Google digitises constitutions

Google digitises constitutions

Google has launched an archive of the world’s constitutions in a new online initiative designed to help countries emerging from conflicts or political crises.

Google said in blog post the new initiative is aimed to help people drafting constitutions see what other countries have done in the past.

The new site, Constitute, digitises and makes searchable the world’s constitutions. The site was developed by Comparative Constitutions Project, which Google supported.

Google said Africa has the youngest set of constitutions, with 19 out of the 39 constitutions written globally since 2000 coming from the region, with Zimbabwe being the most recent.

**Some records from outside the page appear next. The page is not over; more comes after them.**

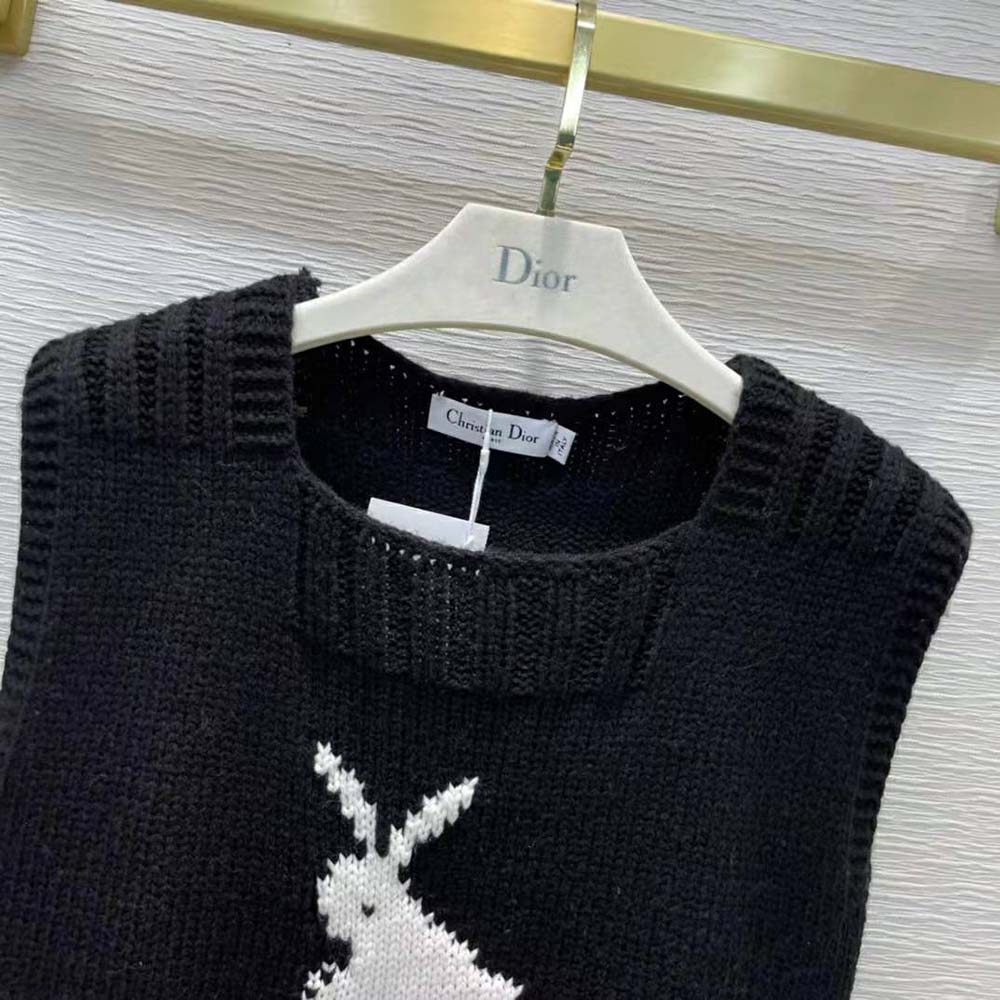 Dior Women Dioramour Sleeveless Sweater Black White and Red Wool and Cashmere - image 6
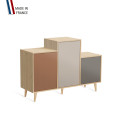 Meuble de rangement GRAND PODIUM - Chêne Clair - Terracotta - Cachemire - Cubanite - 127,4x88,5cm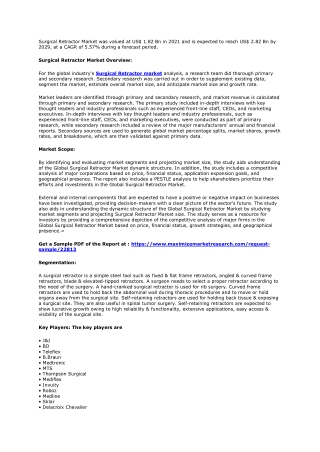 Surgical Retractor Market – Global Industry Analysis and Forecast (2022-2029)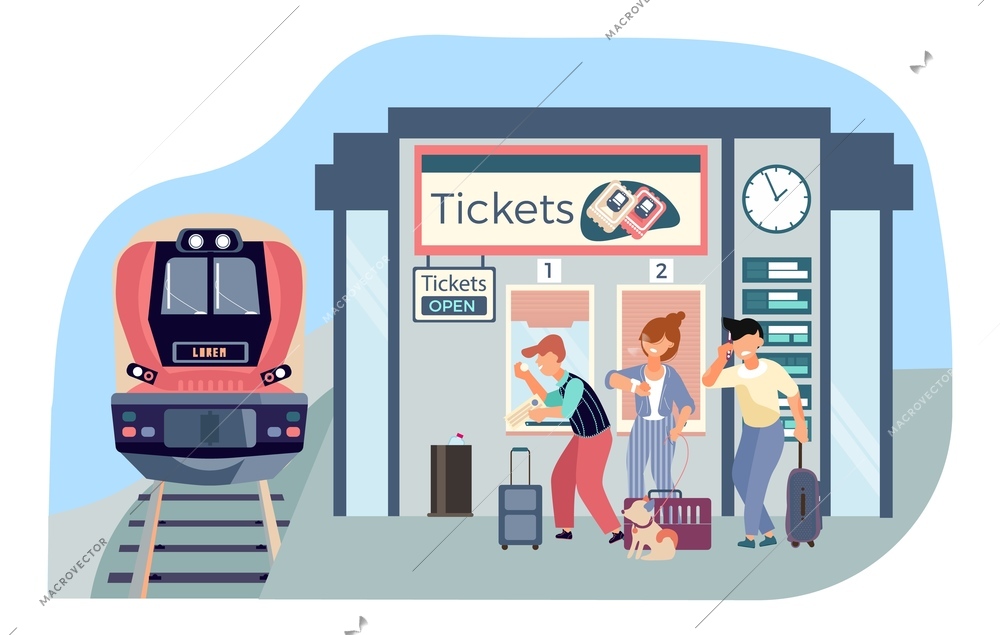 Ticket office railway flat composition with images of arriving train and platform ticketing stall with people vector illustration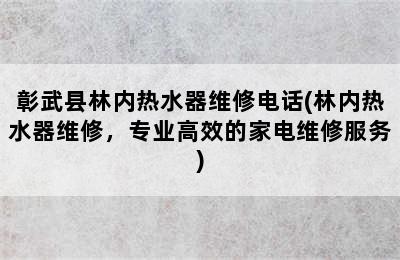 彰武县林内热水器维修电话(林内热水器维修，专业高效的家电维修服务)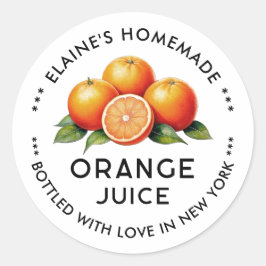 自家製オレンジジュース缶詰ラベル ラウンドシール
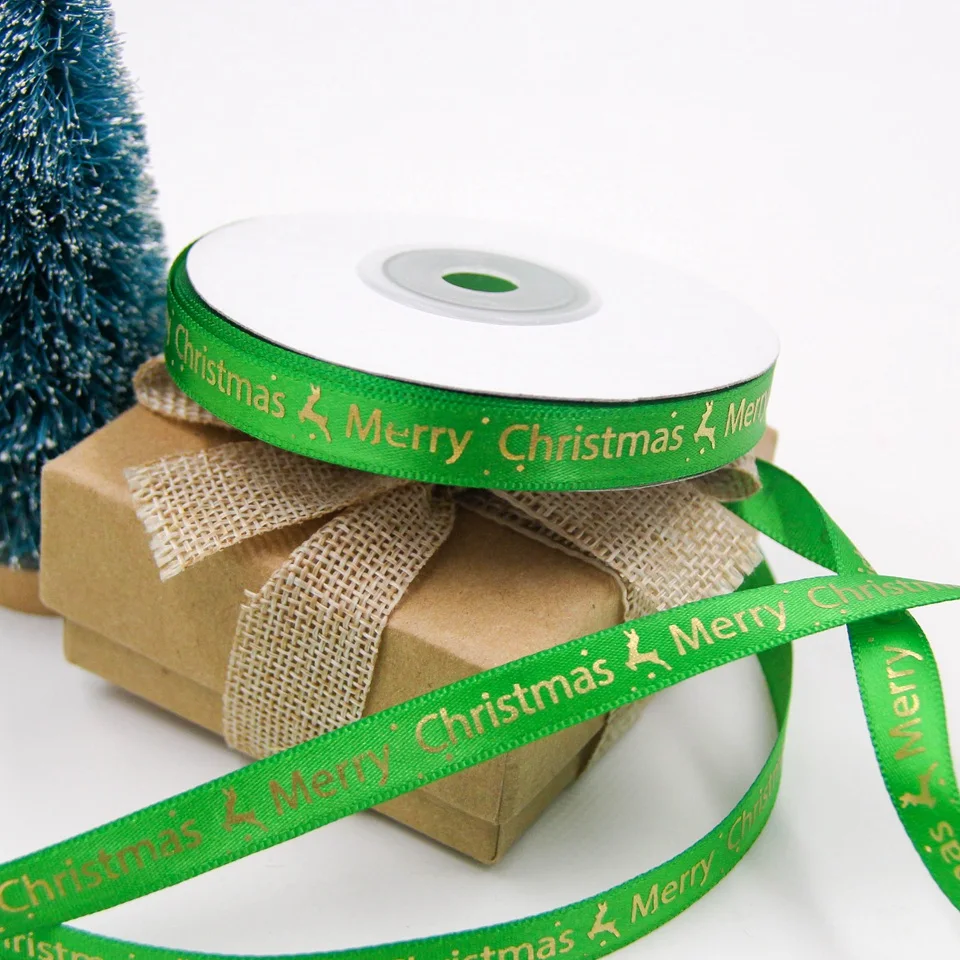 Green Christmas 25 ярд x 1 см Рождественская яркая атласная лента упаковочная лента DIY ремесла подарочная упаковка пояс бант для шитья Аксессуары Декор рождественской елки - Цвет: Green Christmas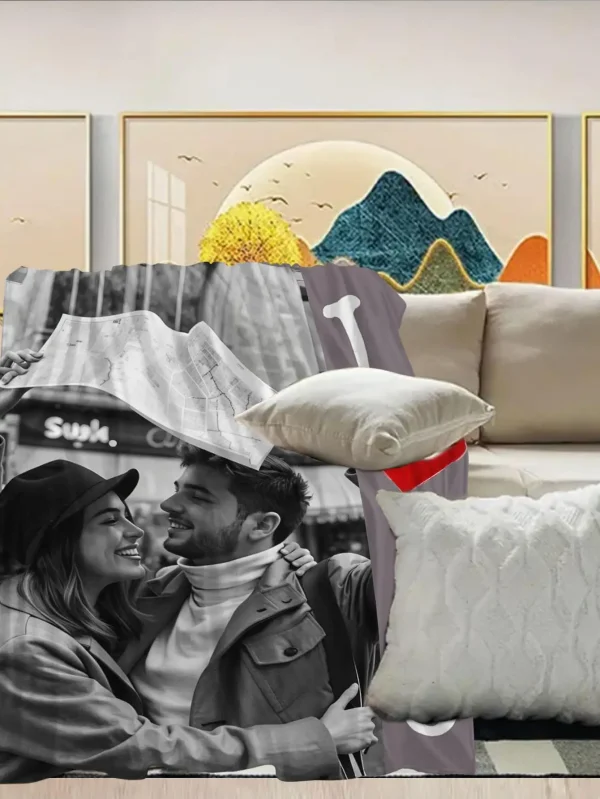 1 pezzo di coperta di flanella personalizzata con foto: regalo ideale per Natale, Halloween, compleanno e anniversario, morbida, calda, scozzese e delicata sulla pelle, adatta per divano letto, auto, campeggio, ufficio, decorazione domestica 6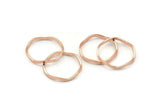 Rose Gold Circle Rings, 12 Rose Gold Lacquer Plated Brass Wavy Circle Rings, Charms (20x0.80x1.5mm) E192 Q0269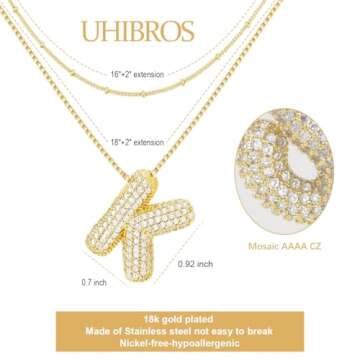 UHIBROS Bubble Letter Necklace, Gold Balloon Initial Necklaces for Women, Cubic Zirconia Dainty Charm Alphabet Pendant, 18K Gold Plated Custom Name Choker, Trendy Puffy Personalized Jewelry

“Africa has produced a number of recent constitutional innovations,” said Sara Sinclair Brody, Google Ideas product manager.

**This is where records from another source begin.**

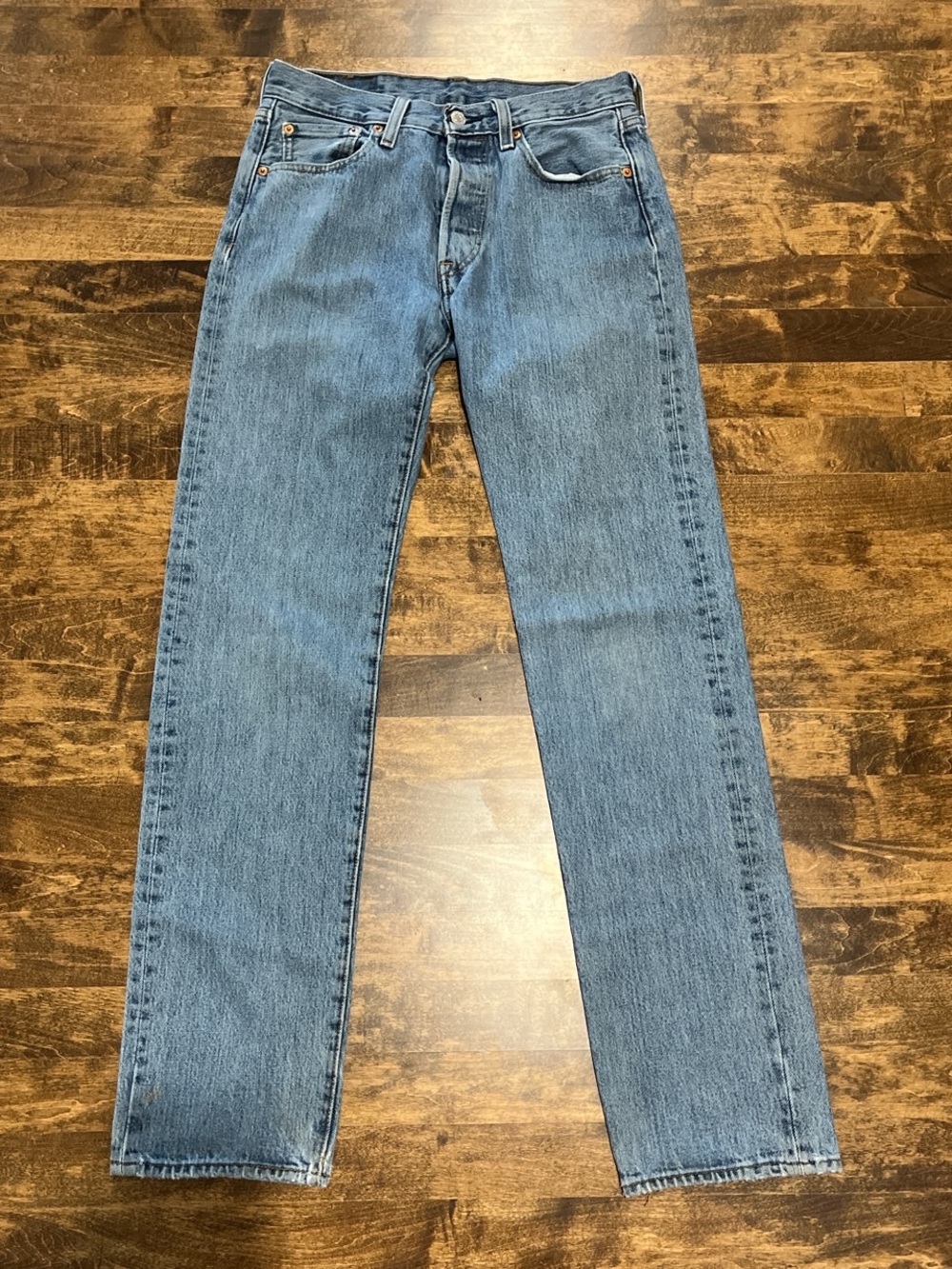 Levi’s 501 button fly washed denim jeans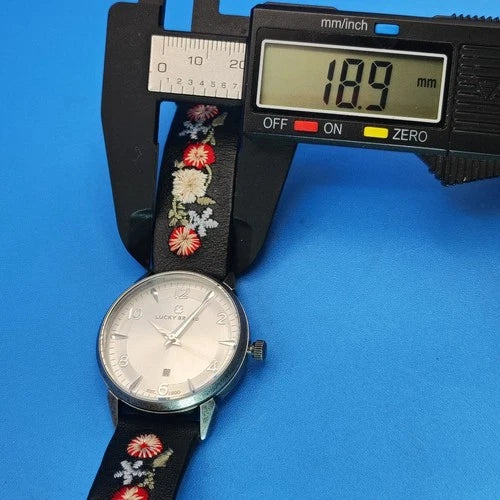2019 Lucky Brand & Co Flowers Embroidered Strap 34mm Women's Quartz Watch Mint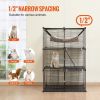 Large 3-tier Cat Cage 28 x 28 x 41" Metal Wire Playpen Catio with Hammock - L28 x W28 x H41 in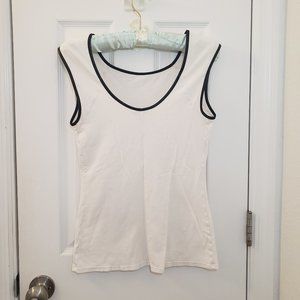 Express Cap Sleeve Shirt Leather Trim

“In Kenya, a judicial vetting board recently screened the entire senior judiciary in accordance with the values of its new constitution.

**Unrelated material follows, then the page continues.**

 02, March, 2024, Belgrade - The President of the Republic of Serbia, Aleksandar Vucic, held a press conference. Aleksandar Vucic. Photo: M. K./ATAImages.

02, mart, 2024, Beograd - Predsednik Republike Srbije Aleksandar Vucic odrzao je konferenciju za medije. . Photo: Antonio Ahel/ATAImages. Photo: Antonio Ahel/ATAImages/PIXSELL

“Additionally, Kenya’s Constitutional Implementation Committee is the first institution of it’s kind and now being copied elsewhere.”

Jared Cohen, Google Ideas director, said: “We wanted to take the physical constitutions and we wanted to have them organised online, make them universally available online and make them useful for all the different governments going through a constitutional process.”

Tunisia’s President Moncef Marzouki, who was present at the launch, said the new site would be vital for countries such as his own which is struggling to agree on a constitution and electoral law following a 2011 revolution.

“I’m very fascinated by this project and I think it will be extremely useful,” Marzouki said.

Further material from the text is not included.